Paul Krugman's piece in yesterday's New York Times got me thinking about why governments everywhere are so rabidly fighting the deflationary impulses around us. For consumers and businesses which have managed their balance sheets prudently, deflation is a positive force, a simple reflection of advances in technology and productivity which are the natural product of capitalist endeavor. Government fights it to the very last ounce of its being, however, because deflation attacks its core function (or at least what liberals believe is its core function) of maintaining nominal incomes.

Krugman states:
The problem is that deflation — falling wages and prices — is always and everywhere a deeply painful process. It invariably involves a prolonged slump with high unemployment. And it also aggravates debt problems, both public and private, because incomes fall while the debt burden doesn’t.

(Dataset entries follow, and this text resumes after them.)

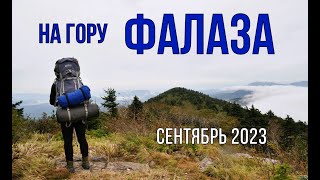 видео: На Фалазу (гора Литовка) (Приморский край, Шкотовский район) сентябрь 2023 картинка: На Фалазу (гора Литовка) (Приморский край, Шкотовский район) сентябрь 2023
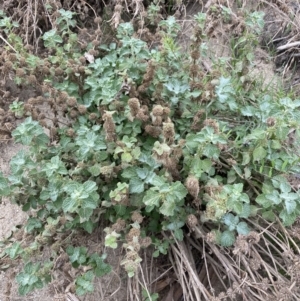 Marrubium vulgare at Burra, NSW - 27 Mar 2022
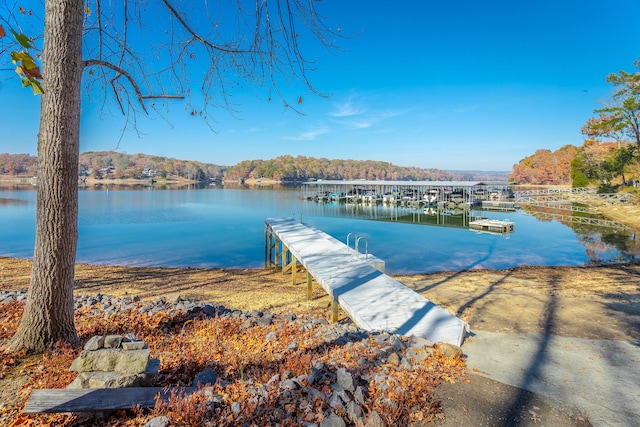 1616 Crappie Cir, Soddy Daisy, TN 37379 - dock featuring a water view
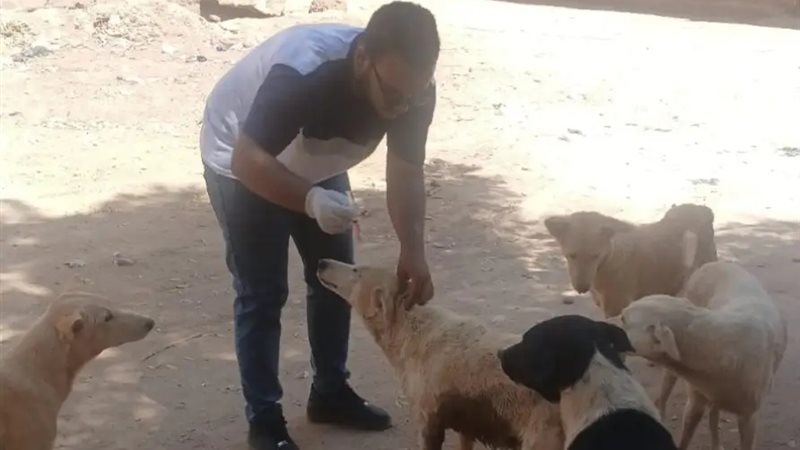 تحصين الكلاب الحرة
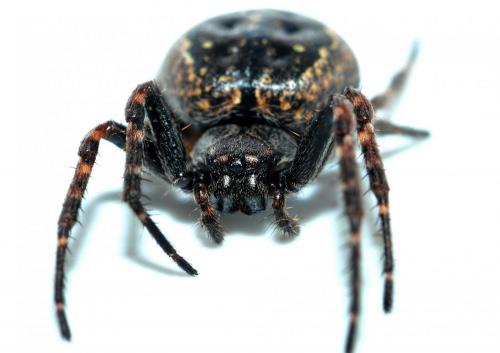 Nuctenea umbratica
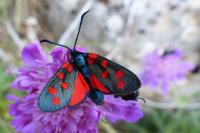 Zygaena filipendulae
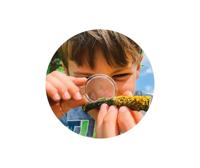 Het CLEMENTONI insectenhuis - thumbnail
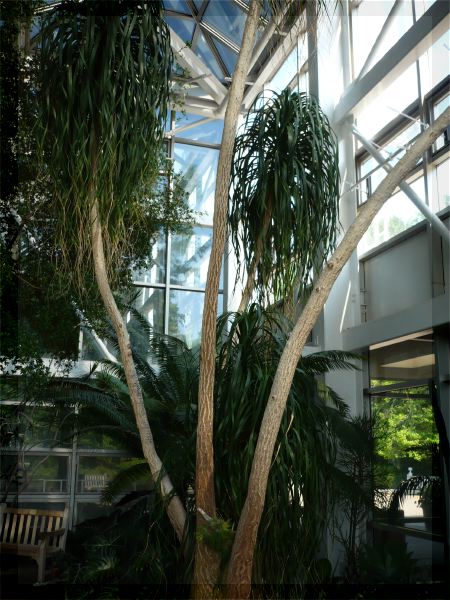 Beaucarnea recurvata Ponytail Palm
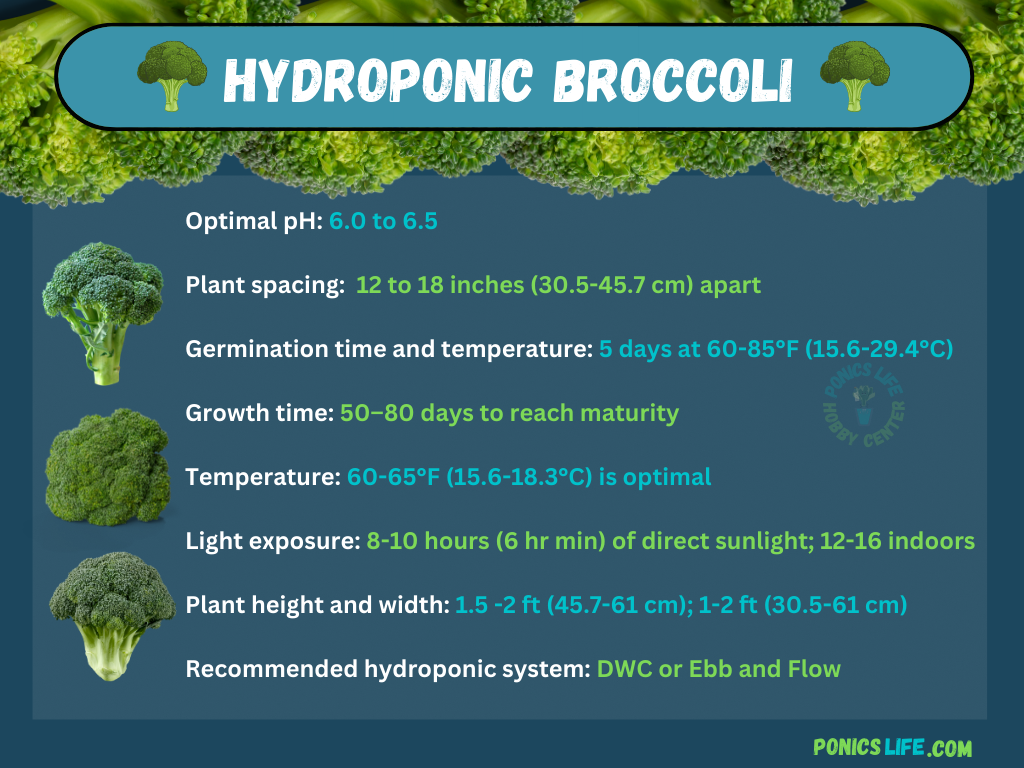 broccoli parameters if growing hydroponically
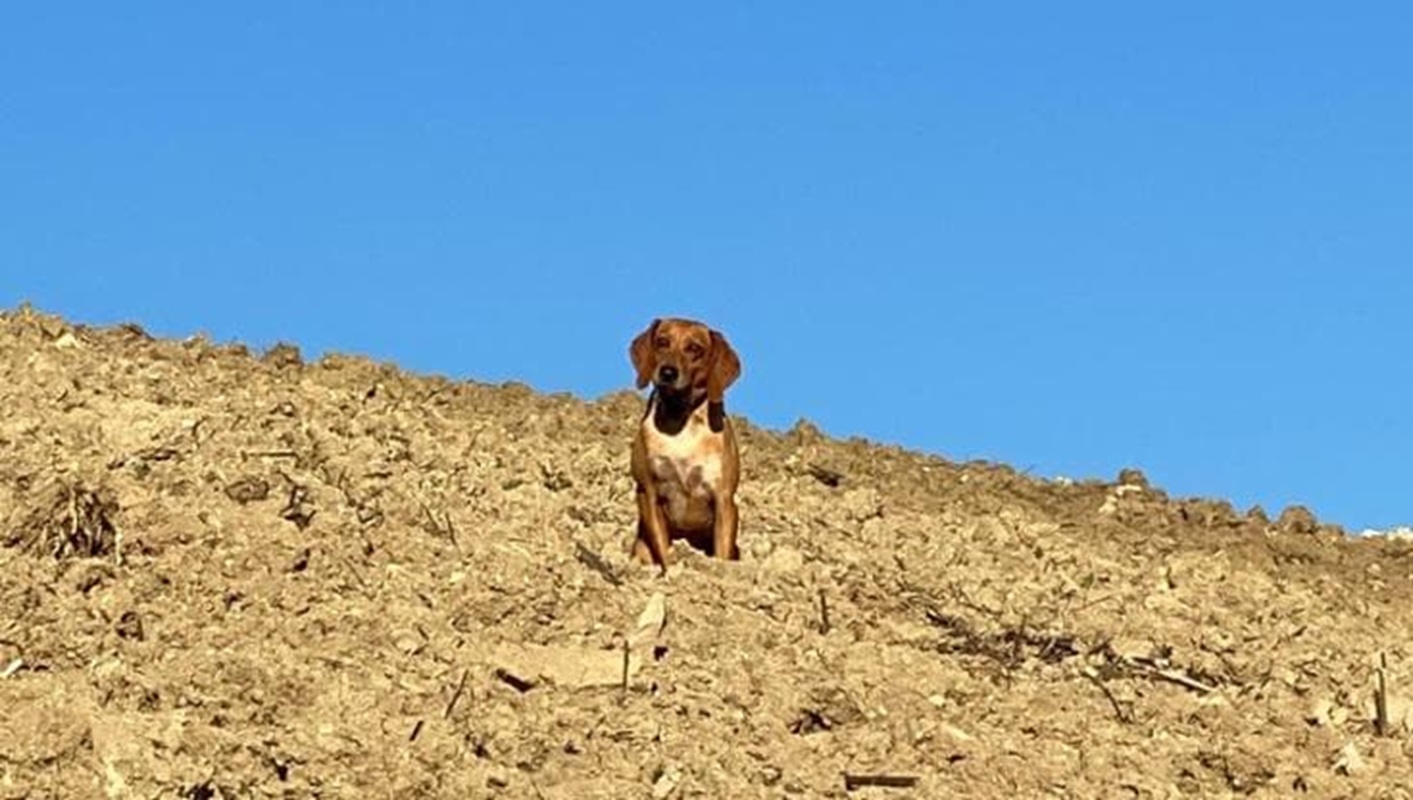 https://static.open.online/wp-content/uploads/2026/05/michele-serra-cane-osso-sbranato-lupi.jpg
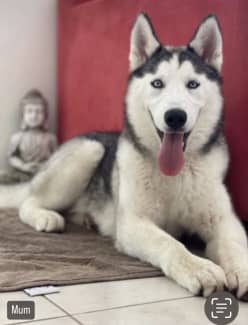 Gumtree husky hot sale pups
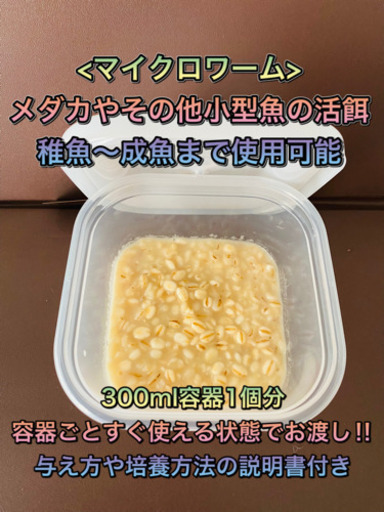 マイクロワーム メダカや小型魚の餌 300ml容器ごと1つ いおり 名鉄岐阜のその他の中古あげます 譲ります ジモティーで不用品の処分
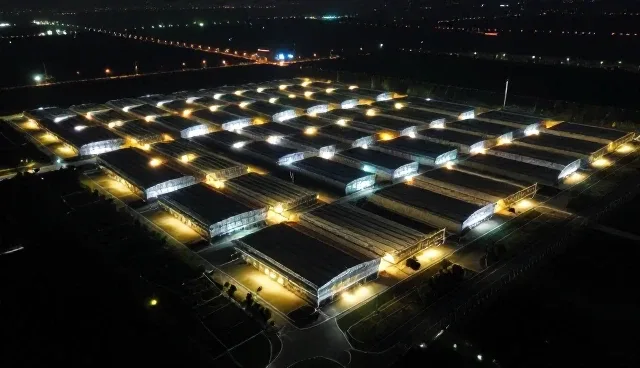 支持产品品质对使用效果的影响原因分析
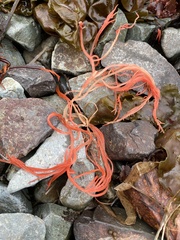 Gracilaria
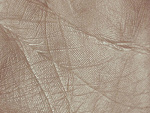 Fotoblog moizm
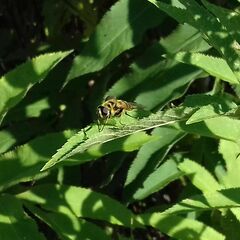 Myathropa florea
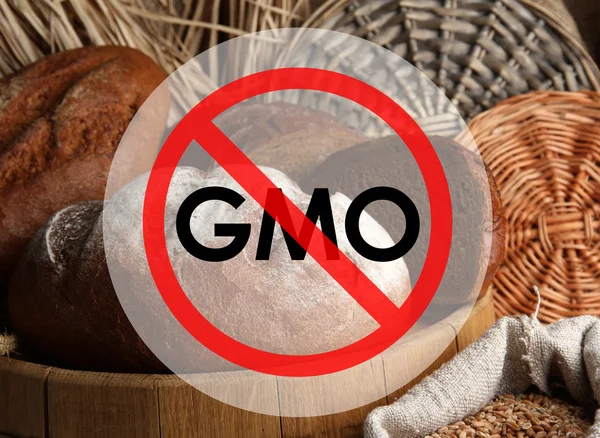 Färskt bröd utan gmo — Stockfoto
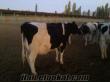 30 ve 35 kgluk süt inekleri ve düveleri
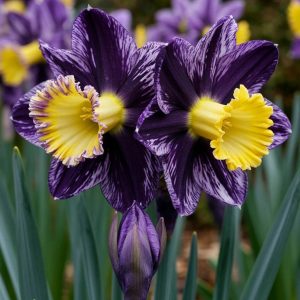 Нарцисс Акропоис купить по цене от 382р. в интернет-магазине «Посадика» с доставкой почтой в в Вилюйске и по всей России – [изображение №1].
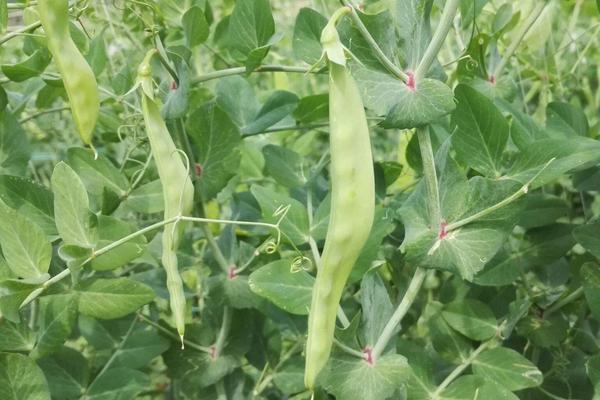 荷蘭豆的種植技術(shù) 荷蘭豆幾月成熟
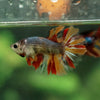 Multicolor/ Galaxy Koi Halfmoon- Female- 13 Weeks Old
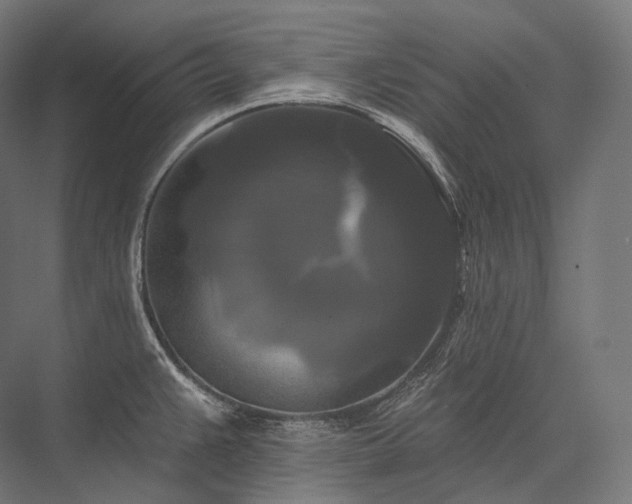 X0000076381383200610061113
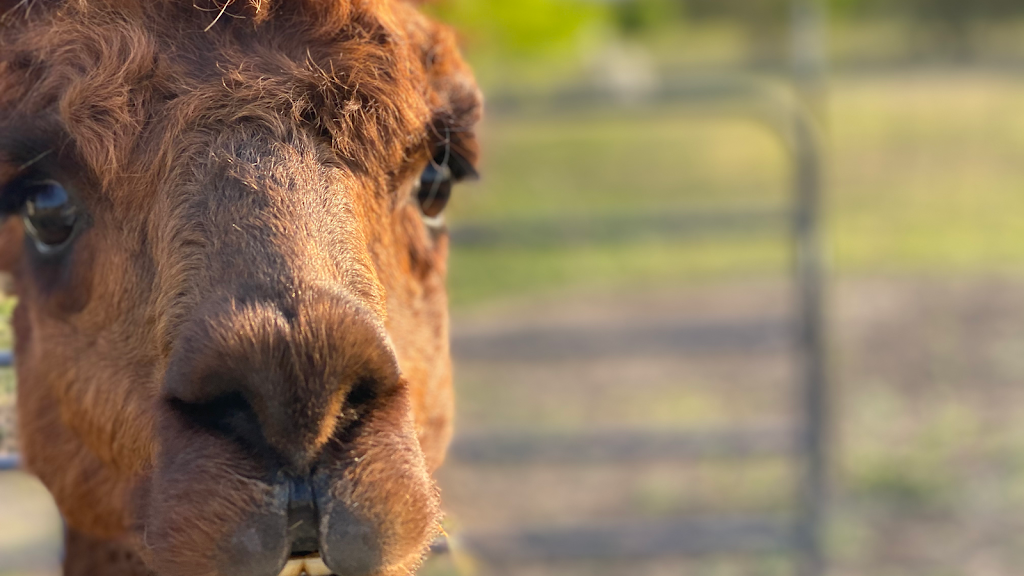 Gulf Breeze Alpaca & Sheep Ranch & Lodging | 200 County Road 6B (aka Lakeview Dr, Co Rd 6B, Lake City, TX 78368, USA | Phone: (361) 537-0503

Deflation can certainly be (even a fatal) problem for severely indebted businesses, but in general businesses just deal with it. They have no other choice. Private entities respond to deflation as a matter of survival, typically quickly, sometimes overdoing it (see the huge inventory swing). For government, on the other hand, deflation reveals the inefficiencies and cronyism of government spending. Government uses the powers of taxation and the printing press to drag its feet, kick the can, delay, delay, delay. Of course, these problems are made worse when some members of the private sector are able to foist their debts on the taxpayer, as we saw with the bailouts. But the core of the matter is that the incentives for each entity (government vs. business) are exactly opposite. The goal for business is profit, which allows continued existence, and, perhaps, growth. The goal in the case of government is maintaining nominal incomes.